▸ To do
Please return all records verbatim, no pictures.

START Materials provided

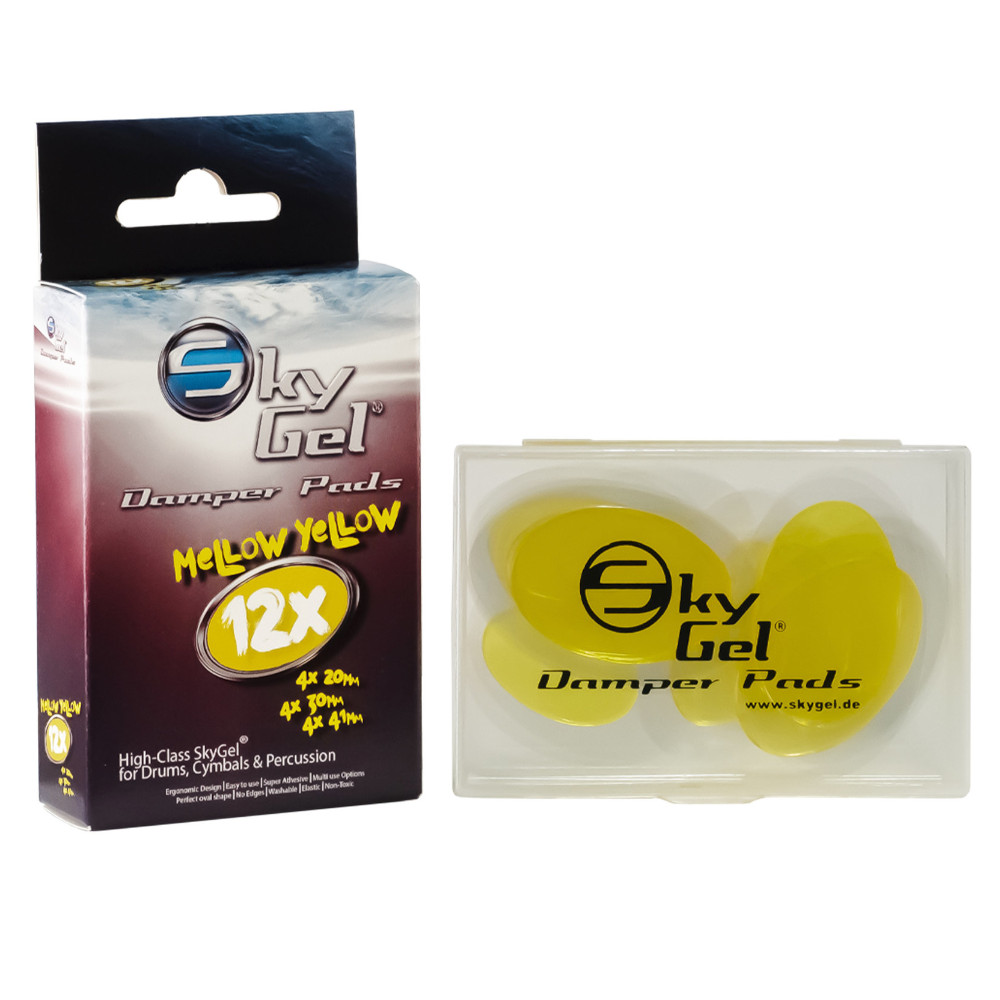 Sordine per batteria in gel SkyGel Yellow 12 pz.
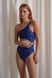 Swimsuit with a cutout on one shoulder, Blue, XS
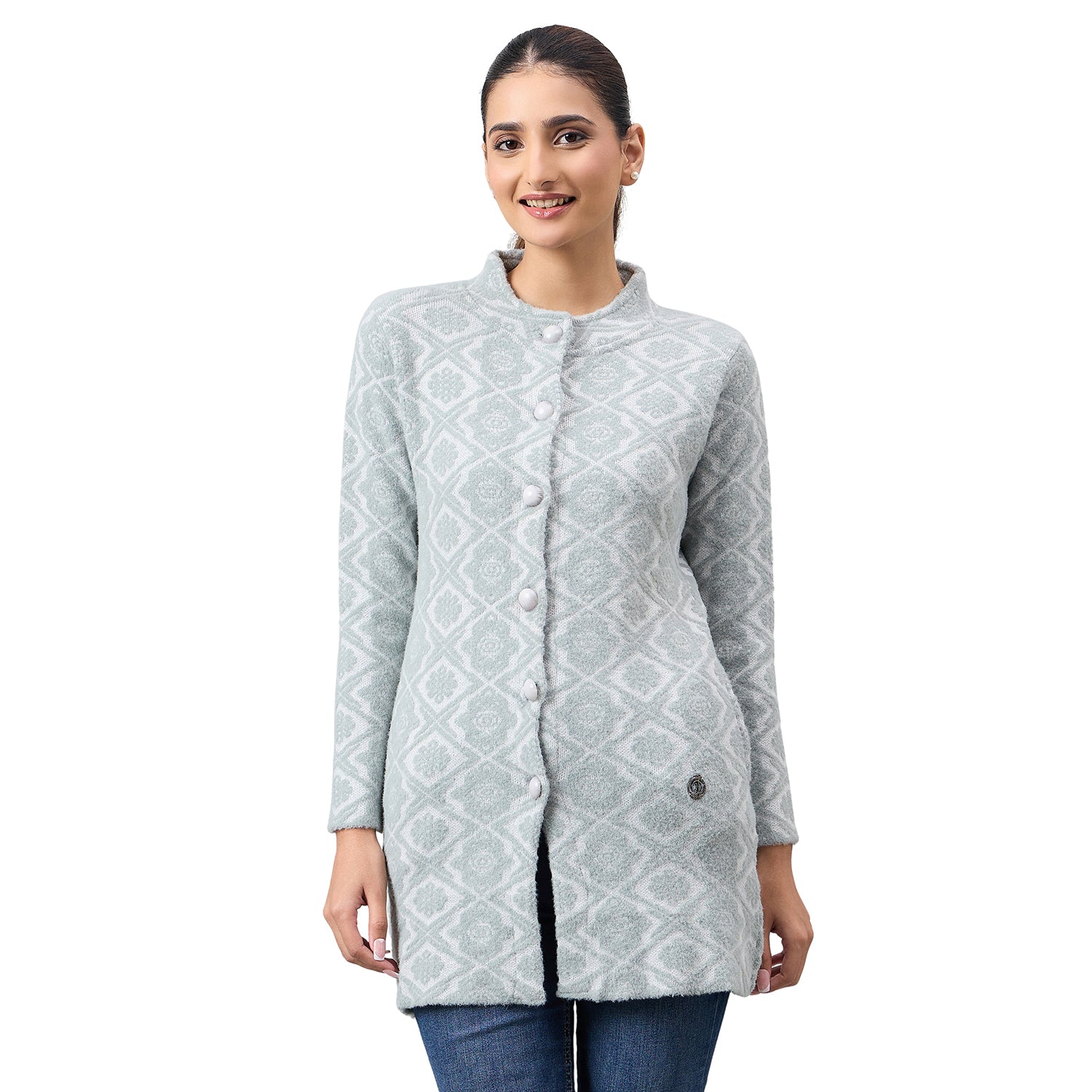 Duke Urban Women Full Sleeve Front Open Regular Cardigan (SDS1368)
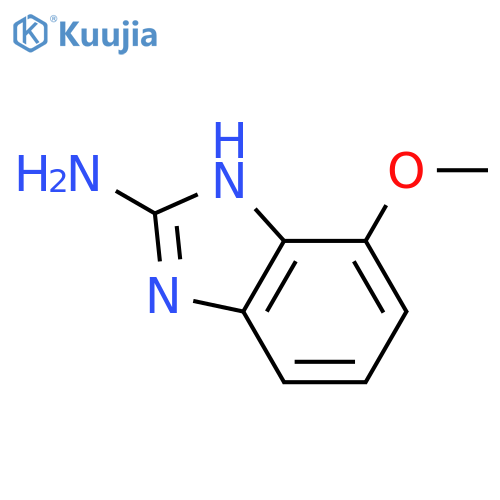 7-Methoxy-1H-benzoimidazol-2-ylamine structure
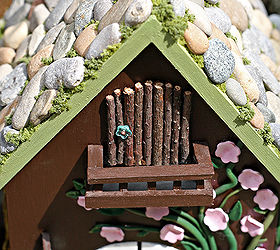 diy fairy house using craft supplies, crafts, Fairy house door with balcony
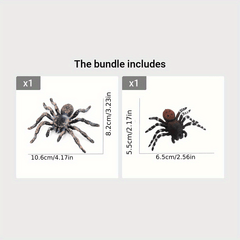 Realistic Spider Action Model Toy Educational Learning Set for Boys Girls Kids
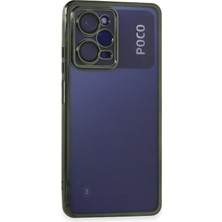 Almira Butik Mey Ithalat®   Poco X5 Pro 5g Kılıf  Lensli Silikon - Yeşil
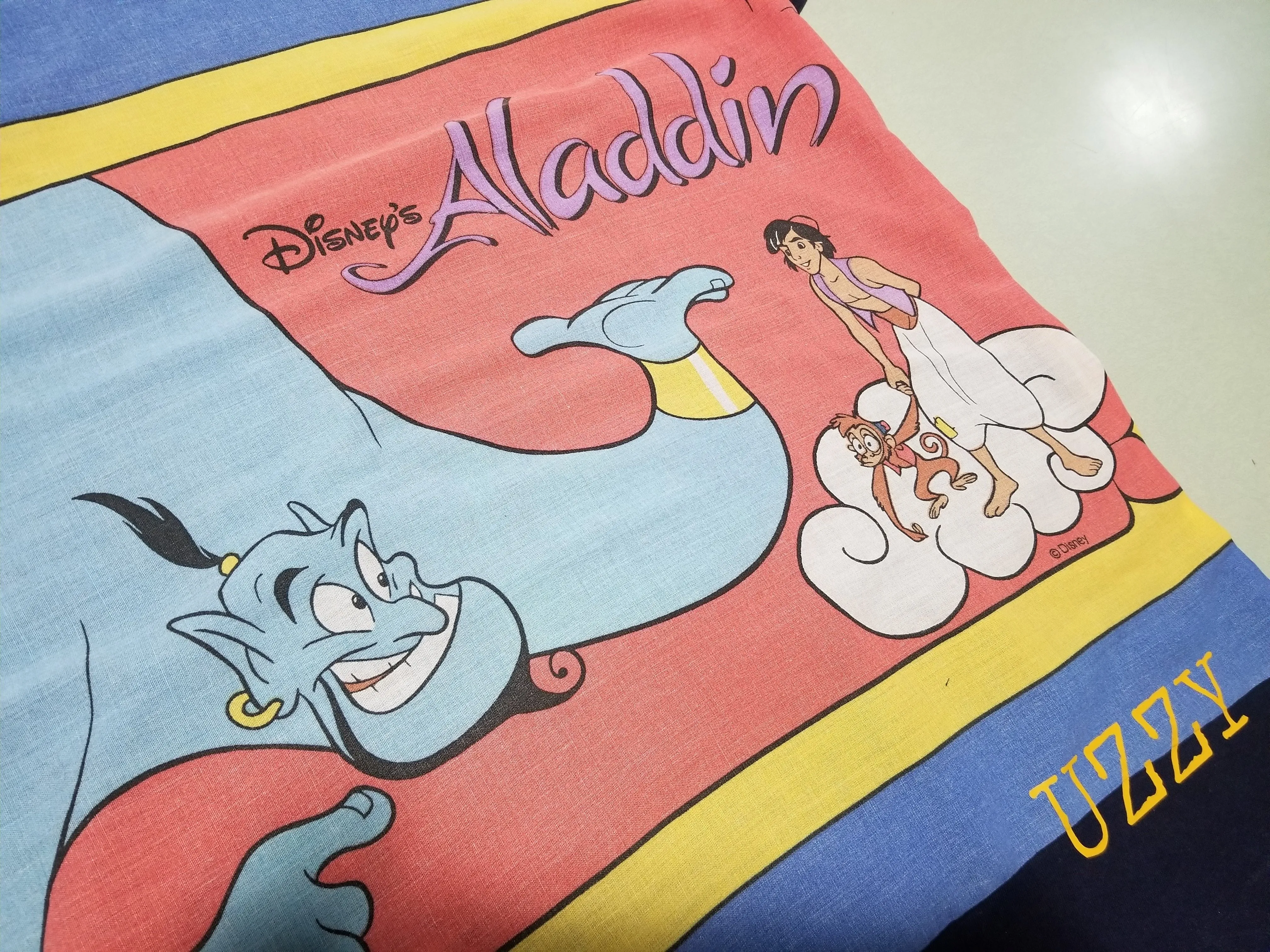 Aladdin Genie Disney Uzzy Custom Made 1 of 1 T-Shirt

END Materials provided

▸ Answer below
 Sordine per batteria in gel SkyGel Yellow 12 pz.
 Swimsuit with a cutout on one shoulder, Blue, XS
 Duke Urban Women Full Sleeve Front Open Regular Cardigan (SDS1368)
 7-Methoxy-1H-benzoimidazol-2-ylamine structure
 diy fairy house using craft supplies, crafts, Fairy house door with balcony
 Realistic Spider Action Model Toy Educational Learning Set for Boys Girls Kids
 Almira Butik Mey Ithalat®   Poco X5 Pro 5g Kılıf  Lensli Silikon - Yeşil
 Aladdin Genie Disney Uzzy Custom Made 1 of 1 T-Shirt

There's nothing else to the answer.